I am using the bottom half of a port to write data to an LCD in 4-bit mode and using the top half to output to another device. My trouble is that everytime I send data to the LCD, it changes the data on the top half of the port. Everthing is displayed correctly on the LCD, and everthing works when controlling the other device, but only after removing the LCDout commands. Your help would be very much appreciated.

TRISB = %00110000
TRISC = %00000100
TRISD = %11111111
TRISE = %1101
TRISF = %00000000
TRISG = %11101110

ADCON1 = %000000000111

ADCON1.7 = 1 'Right Justify the results

DEFINE LCD_DREG PORTF
DEFINE LCD_DBIT 0
DEFINE LCD_RSREG PORTC
DEFINE LCD_RSBIT 7
DEFINE LCD_EREG PORTC
DEFINE LCD_EBIT 6
DEFINE LCD_BITS 4
DEFINE LCD_LINES 2
DEFINE LCD_COMMANDUS 2000
DEFINE LCD_DATAUS 50

DEFINE ADC_BITS 10
DEFINE ADC_CLOCK 3
DEFINE ADC_SAMPLEUS 50

(rest of code removed for clarity)

PORTF = %10110000
LCDOut $FE,1,#B8

(rest of code removed for clarity)

(I get the value of B8 displayed OK, but this intereferes with my attempt to write 1011 to the top half of the port)

Dwayne
- 1st September 2004, 20:15
Hello Mark,

Mark>>
PORTF = %10110000
LCDOut $FE,1,#B8

(rest of code removed for clarity)

(I get the value of B8 displayed OK, but this intereferes with my attempt to write 1011 to the top half of the port)<<


I think what is happening is your computer Chip is too fast.
When you write to PORTF, you are writing B0,
PORTF=%10110000 (Writing B0)


And a immediate write of a #B8 will destory your B0.

You need to make SURE that the B0 is read BEFORE you write your #B8. If you don't, you r B0 is worthless and gone.
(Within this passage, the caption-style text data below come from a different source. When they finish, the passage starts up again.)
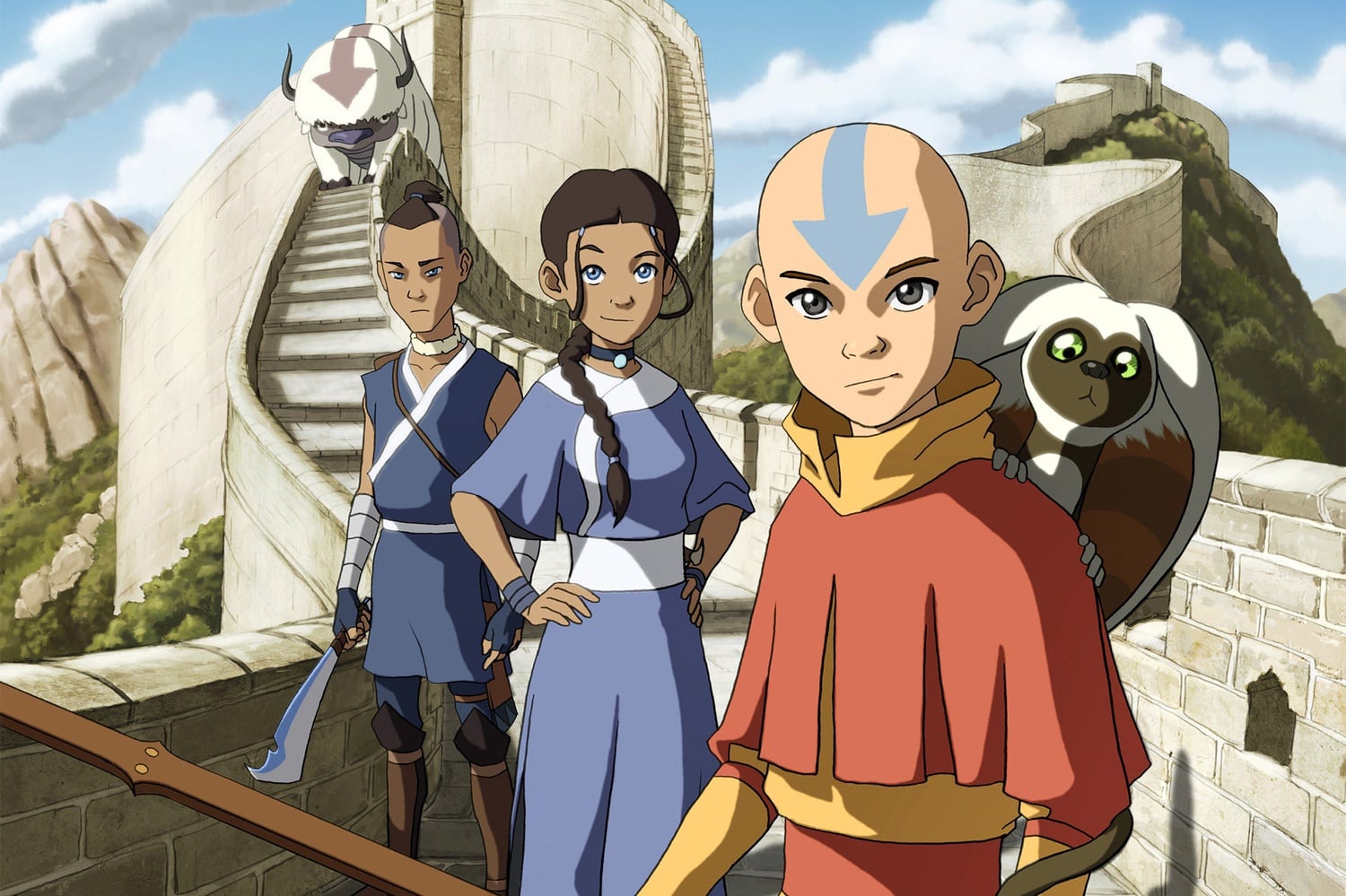 "Avatar: The Last Airbender."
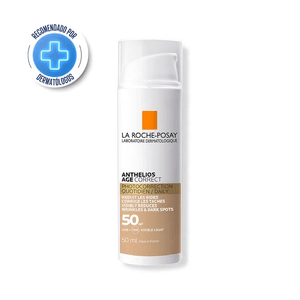 La Roche-Posay Anthelios Age Correct Fps 50 C/ Color X 50Ml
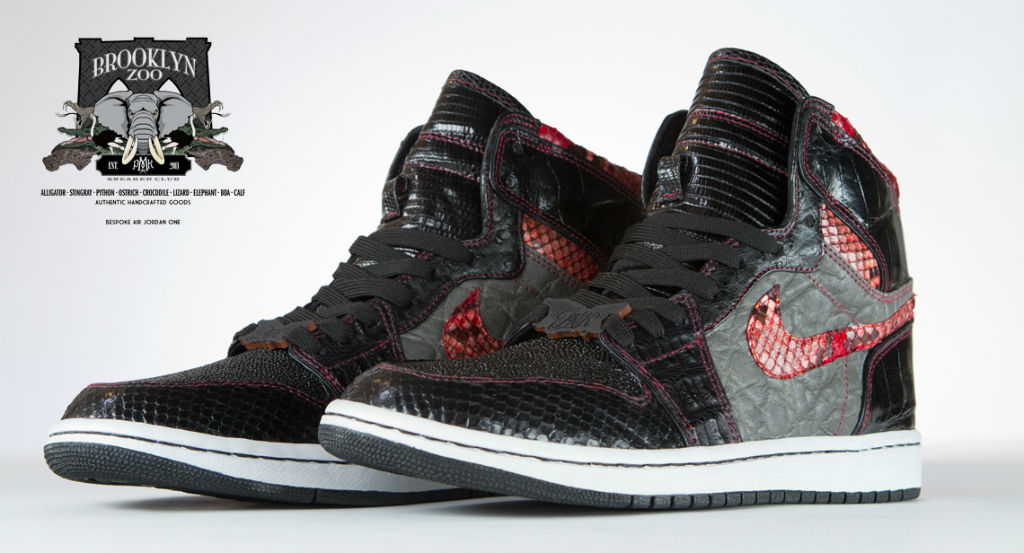 SoleWatch: Jay-Z Wears PMK x Air Jordan 1 'Brooklyn Zoo'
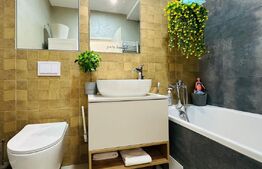 Penthouse LUX pe un singur nivel, cu 3 camere, 79 mp, decomandat, zona Tractorul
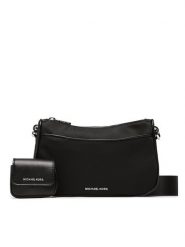 MICHAEL Michael Kors Torebka Jet Set 32R3SJ6C8C Czarny. Czarne listonoszki damskie MICHAEL Michael Kors, bez wzorów, z materiału, bez dodatków. Za 579.99 zł.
Maybe you need a PAUSE statement inbetween your statements. When you put a pause there, you are giving your device enough time to read Port f the first time. Then you are outputting your data to your screen.

PORTF = %10110000
PAUSE 1000 'enough time to ENSURE device reads Portf
LCDOut $FE,1,#B8


Dwayne

Mark Scotford
- 2nd September 2004, 21:53
Just found another problem (I am sinking fast) Using the same defines/TRIS etc as before, if I use PORTB.3 = 1 (for example) this does not work. If I use HIGH PORTB.3 this does work. This only applies to PORTB, for example I can use PORTC.1 = 1 with no problem. Please help.

Mark Scotford
- 2nd September 2004, 22:44
Thanks Dwayne, I tried putting a long pause in between statements and this did in deed sort the problem, this has created another problem, because I did need to update the LCD with an ever changing value (within a loop), without upsetting the write I am trying to do to the other half of the port. I thought that in the LCD DEFINE (4-Bit Mode), this meant theoretically that you isolated one half of the port from the other, but from my experience, and from what you suggested, this appears not to be the case, am I correct?

Ingvar
- 3rd September 2004, 09:51
Hi Mark,

It sounds like you have found the ReadModifyWrite "feature" of the pics. Even when you manipulate one bit on a port, the pic internally reads the entire port, modifies the bit and then writes it back to the port. This means that if you have a capacitive load on a pin, the pin will need some time to reach the "correct" value. If you try to change another pin on the port too soon, the pic will read an erronous value on the previous pin. The easiest solution is to wait for the pin/port to settle.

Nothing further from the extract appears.